As she approaches her 87th birthday on March 31, Shirley feels grateful to have had so many extraordinary experiences. “You have to have a good time and enjoy life to the fullest. Before you know it, you’ll be 87,” says the performer, whose career has taken her from the Broadway stage to the big screen to The Partridge Family, where she played TV’s favorite singing mom.

Her private life, in which Shirley is the matriarch of a big family with three sons (her stepson David Cassidy died in 2017) and 13 grandchildren, has also been filled with riches. “The secret to happiness is laughter.
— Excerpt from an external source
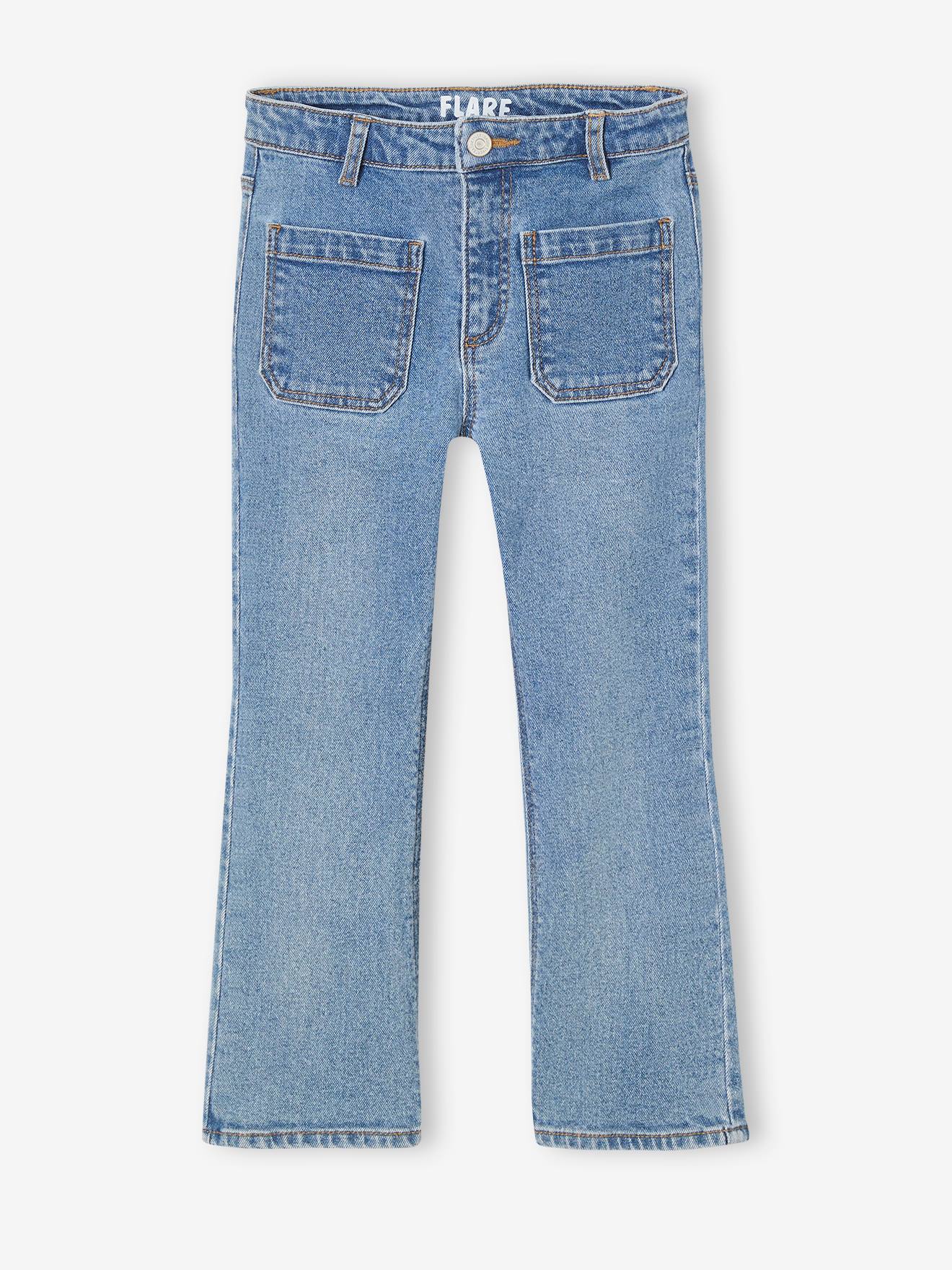 Calça jeans azul boca de sino estilo pirata para meninas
A lot of laughter,” says Shirley, whose two former husbands, actor Jack Cassidy and comedian Marty Ingels, both tickled her funny bone. “I had a lot of boyfriends who were so boring to me,” she confides. “Jack was handsome and a leading man, but he did comedy better, and that intrigued me. Marty was very Smart, bright, a great writer and was an incredible grandpa.”

Though gifted with a remarkable singing voice, teenage Shirley planned to become a veterinarian and only attended a Broadway audition on a whim. “I was a small-town girl and had no idea who Rodgers and Hammerstein even were,” confesses the Pennsylvania-reared star. “Two weeks later, I was in my first Broadway show, South Pacific.”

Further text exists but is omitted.